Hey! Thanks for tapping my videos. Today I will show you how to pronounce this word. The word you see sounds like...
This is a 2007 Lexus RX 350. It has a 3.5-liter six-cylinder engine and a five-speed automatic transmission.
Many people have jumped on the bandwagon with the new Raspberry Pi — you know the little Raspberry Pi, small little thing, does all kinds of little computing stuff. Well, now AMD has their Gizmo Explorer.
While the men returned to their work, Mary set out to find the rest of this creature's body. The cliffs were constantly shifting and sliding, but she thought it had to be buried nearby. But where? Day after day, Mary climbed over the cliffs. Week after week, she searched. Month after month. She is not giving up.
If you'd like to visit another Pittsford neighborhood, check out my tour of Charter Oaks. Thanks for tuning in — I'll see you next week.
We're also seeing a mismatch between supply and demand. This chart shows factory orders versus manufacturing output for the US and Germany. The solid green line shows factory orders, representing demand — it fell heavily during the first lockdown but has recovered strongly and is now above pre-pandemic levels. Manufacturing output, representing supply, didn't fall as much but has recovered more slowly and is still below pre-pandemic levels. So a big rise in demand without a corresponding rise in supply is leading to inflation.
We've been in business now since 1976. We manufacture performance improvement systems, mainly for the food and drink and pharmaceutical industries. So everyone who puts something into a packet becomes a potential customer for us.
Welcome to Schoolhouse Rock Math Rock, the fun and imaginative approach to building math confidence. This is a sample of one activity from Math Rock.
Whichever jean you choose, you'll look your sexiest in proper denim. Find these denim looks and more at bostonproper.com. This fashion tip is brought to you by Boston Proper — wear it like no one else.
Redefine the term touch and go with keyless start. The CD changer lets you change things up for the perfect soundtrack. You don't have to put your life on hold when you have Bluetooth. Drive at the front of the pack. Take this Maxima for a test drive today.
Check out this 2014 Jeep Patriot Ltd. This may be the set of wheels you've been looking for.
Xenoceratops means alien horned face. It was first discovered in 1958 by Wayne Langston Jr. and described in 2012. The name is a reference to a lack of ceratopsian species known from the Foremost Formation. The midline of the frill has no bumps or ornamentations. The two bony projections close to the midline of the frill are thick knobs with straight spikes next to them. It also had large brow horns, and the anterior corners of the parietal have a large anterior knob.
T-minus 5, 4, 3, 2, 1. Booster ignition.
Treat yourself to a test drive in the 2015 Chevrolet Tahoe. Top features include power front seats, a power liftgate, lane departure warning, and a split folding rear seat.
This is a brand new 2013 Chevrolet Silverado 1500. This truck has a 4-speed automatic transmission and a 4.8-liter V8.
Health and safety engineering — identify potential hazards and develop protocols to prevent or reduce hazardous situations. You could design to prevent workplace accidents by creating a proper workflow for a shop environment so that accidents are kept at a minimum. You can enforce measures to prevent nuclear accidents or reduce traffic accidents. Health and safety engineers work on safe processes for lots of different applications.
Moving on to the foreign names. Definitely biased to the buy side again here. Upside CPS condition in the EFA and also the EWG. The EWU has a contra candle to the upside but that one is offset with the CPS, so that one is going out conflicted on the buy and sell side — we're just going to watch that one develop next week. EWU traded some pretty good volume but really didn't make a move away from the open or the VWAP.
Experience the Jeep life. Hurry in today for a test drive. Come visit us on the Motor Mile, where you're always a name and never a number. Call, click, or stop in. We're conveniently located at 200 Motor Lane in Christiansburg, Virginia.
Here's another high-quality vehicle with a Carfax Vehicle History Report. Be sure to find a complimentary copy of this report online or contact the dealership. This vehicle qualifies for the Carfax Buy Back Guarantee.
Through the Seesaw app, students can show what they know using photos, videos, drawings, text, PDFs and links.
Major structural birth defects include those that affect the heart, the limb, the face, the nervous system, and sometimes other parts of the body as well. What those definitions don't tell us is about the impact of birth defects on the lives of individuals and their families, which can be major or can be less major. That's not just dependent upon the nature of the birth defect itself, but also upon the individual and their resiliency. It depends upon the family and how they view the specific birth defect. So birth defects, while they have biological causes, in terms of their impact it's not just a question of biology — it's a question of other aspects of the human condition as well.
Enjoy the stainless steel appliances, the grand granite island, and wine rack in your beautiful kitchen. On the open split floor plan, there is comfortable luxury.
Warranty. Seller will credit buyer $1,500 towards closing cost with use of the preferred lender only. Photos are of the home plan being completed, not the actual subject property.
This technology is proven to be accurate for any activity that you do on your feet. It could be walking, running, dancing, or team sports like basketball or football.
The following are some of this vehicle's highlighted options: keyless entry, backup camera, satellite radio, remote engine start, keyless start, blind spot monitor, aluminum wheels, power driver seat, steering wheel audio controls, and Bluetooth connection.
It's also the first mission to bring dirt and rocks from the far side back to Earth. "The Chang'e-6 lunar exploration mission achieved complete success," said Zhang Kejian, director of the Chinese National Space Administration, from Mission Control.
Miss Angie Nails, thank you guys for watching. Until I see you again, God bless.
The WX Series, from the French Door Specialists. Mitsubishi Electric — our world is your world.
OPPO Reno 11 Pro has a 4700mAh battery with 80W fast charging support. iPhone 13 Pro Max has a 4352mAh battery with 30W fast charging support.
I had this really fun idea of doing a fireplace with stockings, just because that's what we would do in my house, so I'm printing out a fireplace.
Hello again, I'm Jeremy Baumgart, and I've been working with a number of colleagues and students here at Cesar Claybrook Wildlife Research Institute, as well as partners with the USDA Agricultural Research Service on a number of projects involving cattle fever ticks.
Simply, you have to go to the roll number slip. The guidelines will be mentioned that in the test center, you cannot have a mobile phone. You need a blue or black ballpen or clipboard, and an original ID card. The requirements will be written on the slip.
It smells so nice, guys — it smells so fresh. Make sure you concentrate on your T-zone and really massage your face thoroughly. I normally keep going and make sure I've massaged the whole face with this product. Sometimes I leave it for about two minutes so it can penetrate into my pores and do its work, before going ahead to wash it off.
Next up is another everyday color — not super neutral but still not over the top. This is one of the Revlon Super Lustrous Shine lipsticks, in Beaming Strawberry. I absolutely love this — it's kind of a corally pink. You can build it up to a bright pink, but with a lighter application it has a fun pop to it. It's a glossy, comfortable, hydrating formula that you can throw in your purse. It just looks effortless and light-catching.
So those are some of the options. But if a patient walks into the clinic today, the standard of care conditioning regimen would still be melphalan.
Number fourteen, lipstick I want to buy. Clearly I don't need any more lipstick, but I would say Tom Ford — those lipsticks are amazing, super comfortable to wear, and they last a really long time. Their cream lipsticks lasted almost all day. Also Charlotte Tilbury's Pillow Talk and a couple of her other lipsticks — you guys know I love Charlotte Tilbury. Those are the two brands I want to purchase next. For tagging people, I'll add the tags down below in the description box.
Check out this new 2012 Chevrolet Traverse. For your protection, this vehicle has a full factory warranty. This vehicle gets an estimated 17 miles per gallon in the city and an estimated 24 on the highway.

Problem: From the data above, reproduce word for word the lines running from the line with "This is a 2007" to the line with "Welcome to Schoolhouse", ends included.

Exercise result:
This is a 2007 Lexus RX 350. It has a 3.5-liter six-cylinder engine and a five-speed automatic transmission.
Many people have jumped on the bandwagon with the new Raspberry Pi — you know the little Raspberry Pi, small little thing, does all kinds of little computing stuff. Well, now AMD has their Gizmo Explorer.
While the men returned to their work, Mary set out to find the rest of this creature's body. The cliffs were constantly shifting and sliding, but she thought it had to be buried nearby. But where? Day after day, Mary climbed over the cliffs. Week after week, she searched. Month after month. She is not giving up.
If you'd like to visit another Pittsford neighborhood, check out my tour of Charter Oaks. Thanks for tuning in — I'll see you next week.
We're also seeing a mismatch between supply and demand. This chart shows factory orders versus manufacturing output for the US and Germany. The solid green line shows factory orders, representing demand — it fell heavily during the first lockdown but has recovered strongly and is now above pre-pandemic levels. Manufacturing output, representing supply, didn't fall as much but has recovered more slowly and is still below pre-pandemic levels. So a big rise in demand without a corresponding rise in supply is leading to inflation.
We've been in business now since 1976. We manufacture performance improvement systems, mainly for the food and drink and pharmaceutical industries. So everyone who puts something into a packet becomes a potential customer for us.
Welcome to Schoolhouse Rock Math Rock, the fun and imaginative approach to building math confidence. This is a sample of one activity from Math Rock.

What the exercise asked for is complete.